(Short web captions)
++++
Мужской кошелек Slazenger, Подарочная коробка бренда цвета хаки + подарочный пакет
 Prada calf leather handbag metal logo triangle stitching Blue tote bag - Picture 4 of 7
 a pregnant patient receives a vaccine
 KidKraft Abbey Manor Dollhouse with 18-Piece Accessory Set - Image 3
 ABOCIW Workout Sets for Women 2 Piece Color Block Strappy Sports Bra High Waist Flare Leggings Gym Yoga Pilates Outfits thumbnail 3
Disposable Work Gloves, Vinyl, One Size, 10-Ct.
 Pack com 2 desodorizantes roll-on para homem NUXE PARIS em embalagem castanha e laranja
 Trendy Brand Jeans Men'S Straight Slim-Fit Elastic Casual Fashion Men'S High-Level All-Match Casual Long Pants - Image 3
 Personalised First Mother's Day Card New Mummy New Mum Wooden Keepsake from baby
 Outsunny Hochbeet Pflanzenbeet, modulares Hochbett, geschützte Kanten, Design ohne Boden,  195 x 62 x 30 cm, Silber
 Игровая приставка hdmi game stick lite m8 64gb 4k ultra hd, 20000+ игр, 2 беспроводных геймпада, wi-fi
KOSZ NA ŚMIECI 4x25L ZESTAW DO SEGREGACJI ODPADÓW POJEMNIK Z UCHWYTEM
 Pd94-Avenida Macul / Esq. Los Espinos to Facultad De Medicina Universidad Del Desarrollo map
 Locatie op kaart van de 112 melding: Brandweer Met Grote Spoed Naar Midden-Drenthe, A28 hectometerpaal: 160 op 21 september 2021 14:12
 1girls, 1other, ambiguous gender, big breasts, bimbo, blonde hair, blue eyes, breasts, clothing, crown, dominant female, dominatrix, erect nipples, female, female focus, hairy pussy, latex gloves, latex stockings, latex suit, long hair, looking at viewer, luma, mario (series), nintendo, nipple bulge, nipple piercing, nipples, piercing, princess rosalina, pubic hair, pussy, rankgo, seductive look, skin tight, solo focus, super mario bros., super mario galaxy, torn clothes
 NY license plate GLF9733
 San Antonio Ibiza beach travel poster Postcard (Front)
++++
**Task to carry out**
In the entries above, identify every line with the word "High". Copy those lines.

**Answer to this task**
 ABOCIW Workout Sets for Women 2 Piece Color Block Strappy Sports Bra High Waist Flare Leggings Gym Yoga Pilates Outfits thumbnail 3
 Trendy Brand Jeans Men'S Straight Slim-Fit Elastic Casual Fashion Men'S High-Level All-Match Casual Long Pants - Image 3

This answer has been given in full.